Directions
Only one span of the listing below should come back. It runs from the line with "Сургутяне жалуются на" through the line with "Boutique Hotel Ambiente", and each of its lines must be reproduced exactly.

Records shown
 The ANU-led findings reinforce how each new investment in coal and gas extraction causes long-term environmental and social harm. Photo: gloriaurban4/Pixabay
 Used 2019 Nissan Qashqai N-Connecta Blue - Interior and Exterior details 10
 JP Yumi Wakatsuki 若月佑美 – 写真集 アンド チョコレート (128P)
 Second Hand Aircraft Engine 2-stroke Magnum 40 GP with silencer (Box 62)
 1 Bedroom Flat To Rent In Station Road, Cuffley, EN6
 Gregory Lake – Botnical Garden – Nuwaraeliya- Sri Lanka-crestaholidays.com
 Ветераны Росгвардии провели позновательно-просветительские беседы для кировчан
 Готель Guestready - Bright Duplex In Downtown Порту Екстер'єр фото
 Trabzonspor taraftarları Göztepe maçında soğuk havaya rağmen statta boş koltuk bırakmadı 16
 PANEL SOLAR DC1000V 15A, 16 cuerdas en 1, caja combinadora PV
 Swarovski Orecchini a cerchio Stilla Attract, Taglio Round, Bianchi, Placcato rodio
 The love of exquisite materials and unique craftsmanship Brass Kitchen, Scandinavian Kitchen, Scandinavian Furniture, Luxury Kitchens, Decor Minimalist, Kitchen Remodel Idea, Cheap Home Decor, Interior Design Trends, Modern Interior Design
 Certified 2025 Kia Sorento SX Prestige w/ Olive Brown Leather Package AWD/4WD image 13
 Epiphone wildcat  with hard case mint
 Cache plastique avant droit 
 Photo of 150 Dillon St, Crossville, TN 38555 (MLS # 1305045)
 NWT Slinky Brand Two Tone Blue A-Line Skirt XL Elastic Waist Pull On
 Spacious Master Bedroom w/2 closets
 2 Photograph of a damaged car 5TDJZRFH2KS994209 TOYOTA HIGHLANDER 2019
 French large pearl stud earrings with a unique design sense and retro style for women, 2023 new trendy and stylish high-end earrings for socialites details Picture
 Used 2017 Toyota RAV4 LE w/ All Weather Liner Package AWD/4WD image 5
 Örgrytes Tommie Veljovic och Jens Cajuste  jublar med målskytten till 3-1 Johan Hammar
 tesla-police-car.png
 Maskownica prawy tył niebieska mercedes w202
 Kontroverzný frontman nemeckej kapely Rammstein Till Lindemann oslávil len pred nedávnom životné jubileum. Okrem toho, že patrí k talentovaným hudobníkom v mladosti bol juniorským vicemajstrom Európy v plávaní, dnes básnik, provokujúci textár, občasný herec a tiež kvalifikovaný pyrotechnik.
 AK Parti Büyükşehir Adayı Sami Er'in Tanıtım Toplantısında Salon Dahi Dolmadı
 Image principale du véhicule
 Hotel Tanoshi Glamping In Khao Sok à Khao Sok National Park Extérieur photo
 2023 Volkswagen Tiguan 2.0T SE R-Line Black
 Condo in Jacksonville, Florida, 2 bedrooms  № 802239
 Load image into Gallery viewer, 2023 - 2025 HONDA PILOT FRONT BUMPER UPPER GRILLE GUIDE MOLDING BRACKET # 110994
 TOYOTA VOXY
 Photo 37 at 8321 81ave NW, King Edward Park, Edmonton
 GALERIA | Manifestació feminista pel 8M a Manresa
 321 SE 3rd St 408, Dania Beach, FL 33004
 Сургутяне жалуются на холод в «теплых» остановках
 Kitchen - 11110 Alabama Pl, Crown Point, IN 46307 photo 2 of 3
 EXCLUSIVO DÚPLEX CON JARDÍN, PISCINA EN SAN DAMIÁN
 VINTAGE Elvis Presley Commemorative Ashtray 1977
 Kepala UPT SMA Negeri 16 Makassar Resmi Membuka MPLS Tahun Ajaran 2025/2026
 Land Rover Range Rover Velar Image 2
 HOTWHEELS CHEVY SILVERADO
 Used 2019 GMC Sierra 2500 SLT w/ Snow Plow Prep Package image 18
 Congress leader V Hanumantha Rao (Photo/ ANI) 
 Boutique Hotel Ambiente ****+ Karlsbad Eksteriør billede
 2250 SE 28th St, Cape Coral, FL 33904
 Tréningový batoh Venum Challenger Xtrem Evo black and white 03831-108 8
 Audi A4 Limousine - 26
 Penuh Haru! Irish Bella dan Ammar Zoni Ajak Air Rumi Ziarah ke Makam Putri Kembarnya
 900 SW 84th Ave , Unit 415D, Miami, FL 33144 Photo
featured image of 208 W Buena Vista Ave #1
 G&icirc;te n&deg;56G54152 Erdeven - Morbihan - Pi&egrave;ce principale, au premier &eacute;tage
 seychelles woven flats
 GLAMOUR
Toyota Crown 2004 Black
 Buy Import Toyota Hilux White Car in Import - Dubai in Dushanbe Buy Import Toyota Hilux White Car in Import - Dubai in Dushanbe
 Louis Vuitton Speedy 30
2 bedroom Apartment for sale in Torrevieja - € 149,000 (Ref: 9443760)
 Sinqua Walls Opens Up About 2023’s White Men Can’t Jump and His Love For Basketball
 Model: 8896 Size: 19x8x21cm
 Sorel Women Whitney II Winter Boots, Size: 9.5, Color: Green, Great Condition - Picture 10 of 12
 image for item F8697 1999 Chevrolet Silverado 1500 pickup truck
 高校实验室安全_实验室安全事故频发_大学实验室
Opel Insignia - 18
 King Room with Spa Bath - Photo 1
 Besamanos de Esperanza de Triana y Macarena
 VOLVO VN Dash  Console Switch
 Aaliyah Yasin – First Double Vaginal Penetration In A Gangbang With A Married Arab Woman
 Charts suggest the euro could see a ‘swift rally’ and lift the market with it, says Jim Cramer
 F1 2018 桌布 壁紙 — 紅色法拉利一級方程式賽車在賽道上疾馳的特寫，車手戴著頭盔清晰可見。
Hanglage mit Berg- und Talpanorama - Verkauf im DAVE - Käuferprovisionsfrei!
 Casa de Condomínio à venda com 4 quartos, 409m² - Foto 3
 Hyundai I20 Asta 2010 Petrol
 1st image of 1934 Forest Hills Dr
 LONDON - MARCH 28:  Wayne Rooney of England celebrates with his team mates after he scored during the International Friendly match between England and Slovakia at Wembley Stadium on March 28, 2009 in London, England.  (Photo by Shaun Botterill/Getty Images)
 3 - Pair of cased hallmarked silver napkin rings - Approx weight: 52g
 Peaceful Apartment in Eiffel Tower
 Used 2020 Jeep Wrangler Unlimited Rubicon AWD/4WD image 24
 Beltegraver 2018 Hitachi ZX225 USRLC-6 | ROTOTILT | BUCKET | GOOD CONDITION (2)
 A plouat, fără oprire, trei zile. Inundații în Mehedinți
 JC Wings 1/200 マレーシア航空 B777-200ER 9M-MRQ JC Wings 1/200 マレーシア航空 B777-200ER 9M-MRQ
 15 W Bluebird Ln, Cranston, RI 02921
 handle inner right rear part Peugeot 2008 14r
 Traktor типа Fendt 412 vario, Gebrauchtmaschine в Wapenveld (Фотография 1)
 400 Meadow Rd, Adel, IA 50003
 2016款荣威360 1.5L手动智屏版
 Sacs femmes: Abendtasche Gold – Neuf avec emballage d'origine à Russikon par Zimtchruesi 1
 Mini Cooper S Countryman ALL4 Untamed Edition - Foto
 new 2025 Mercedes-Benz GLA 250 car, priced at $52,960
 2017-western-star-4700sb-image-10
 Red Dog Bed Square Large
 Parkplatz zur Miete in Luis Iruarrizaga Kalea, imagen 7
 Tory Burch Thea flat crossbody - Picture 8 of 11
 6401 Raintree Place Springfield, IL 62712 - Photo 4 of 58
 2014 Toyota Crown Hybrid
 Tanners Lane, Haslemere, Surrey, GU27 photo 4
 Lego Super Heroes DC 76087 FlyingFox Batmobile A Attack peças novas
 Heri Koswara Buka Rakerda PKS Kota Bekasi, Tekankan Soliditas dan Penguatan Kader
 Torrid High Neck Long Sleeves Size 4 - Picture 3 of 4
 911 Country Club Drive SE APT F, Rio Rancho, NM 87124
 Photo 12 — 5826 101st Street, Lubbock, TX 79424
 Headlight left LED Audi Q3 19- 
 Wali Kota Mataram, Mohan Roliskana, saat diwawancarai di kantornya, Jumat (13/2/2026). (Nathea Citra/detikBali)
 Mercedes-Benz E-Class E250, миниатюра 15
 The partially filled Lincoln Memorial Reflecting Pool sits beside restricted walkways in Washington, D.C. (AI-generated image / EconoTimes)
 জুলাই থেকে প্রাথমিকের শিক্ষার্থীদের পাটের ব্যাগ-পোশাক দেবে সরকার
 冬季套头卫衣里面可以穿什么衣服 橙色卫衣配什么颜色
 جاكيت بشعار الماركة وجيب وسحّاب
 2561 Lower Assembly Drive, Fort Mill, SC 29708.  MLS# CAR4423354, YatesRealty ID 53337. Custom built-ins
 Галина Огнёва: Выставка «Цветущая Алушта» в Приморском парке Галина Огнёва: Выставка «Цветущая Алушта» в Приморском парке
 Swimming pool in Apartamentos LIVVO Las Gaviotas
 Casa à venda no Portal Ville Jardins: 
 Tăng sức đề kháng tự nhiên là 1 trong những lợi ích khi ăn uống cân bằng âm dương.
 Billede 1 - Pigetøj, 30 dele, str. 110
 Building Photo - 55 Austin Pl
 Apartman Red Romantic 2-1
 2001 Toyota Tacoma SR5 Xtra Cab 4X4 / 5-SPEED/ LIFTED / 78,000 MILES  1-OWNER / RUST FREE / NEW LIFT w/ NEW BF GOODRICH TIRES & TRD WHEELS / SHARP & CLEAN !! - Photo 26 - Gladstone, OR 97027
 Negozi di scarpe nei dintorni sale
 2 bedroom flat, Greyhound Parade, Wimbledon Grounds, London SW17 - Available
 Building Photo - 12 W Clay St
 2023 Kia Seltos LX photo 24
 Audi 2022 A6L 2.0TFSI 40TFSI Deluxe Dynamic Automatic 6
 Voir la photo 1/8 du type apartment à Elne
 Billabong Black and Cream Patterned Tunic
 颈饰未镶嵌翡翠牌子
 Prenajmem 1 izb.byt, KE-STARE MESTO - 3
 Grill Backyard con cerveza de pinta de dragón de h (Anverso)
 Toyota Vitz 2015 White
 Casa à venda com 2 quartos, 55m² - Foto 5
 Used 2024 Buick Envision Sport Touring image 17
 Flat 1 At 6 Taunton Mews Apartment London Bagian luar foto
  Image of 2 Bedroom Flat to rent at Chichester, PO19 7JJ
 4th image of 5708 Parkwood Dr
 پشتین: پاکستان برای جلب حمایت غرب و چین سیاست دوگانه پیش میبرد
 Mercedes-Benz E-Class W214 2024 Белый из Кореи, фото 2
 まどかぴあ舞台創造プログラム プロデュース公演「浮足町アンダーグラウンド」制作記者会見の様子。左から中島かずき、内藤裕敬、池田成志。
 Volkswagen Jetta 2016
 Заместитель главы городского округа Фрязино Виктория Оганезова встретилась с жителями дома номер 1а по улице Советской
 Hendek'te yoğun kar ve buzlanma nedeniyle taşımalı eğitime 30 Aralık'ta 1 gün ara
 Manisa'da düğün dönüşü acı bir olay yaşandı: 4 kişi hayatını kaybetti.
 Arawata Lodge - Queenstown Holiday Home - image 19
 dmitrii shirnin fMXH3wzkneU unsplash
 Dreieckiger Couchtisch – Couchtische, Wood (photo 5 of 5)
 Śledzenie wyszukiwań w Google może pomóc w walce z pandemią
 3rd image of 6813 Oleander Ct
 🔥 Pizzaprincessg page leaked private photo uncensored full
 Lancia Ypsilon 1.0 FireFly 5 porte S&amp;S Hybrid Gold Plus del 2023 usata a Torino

Written response
 Сургутяне жалуются на холод в «теплых» остановках
 Kitchen - 11110 Alabama Pl, Crown Point, IN 46307 photo 2 of 3
 EXCLUSIVO DÚPLEX CON JARDÍN, PISCINA EN SAN DAMIÁN
 VINTAGE Elvis Presley Commemorative Ashtray 1977
 Kepala UPT SMA Negeri 16 Makassar Resmi Membuka MPLS Tahun Ajaran 2025/2026
 Land Rover Range Rover Velar Image 2
 HOTWHEELS CHEVY SILVERADO
 Used 2019 GMC Sierra 2500 SLT w/ Snow Plow Prep Package image 18
 Congress leader V Hanumantha Rao (Photo/ ANI) 
 Boutique Hotel Ambiente ****+ Karlsbad Eksteriør billede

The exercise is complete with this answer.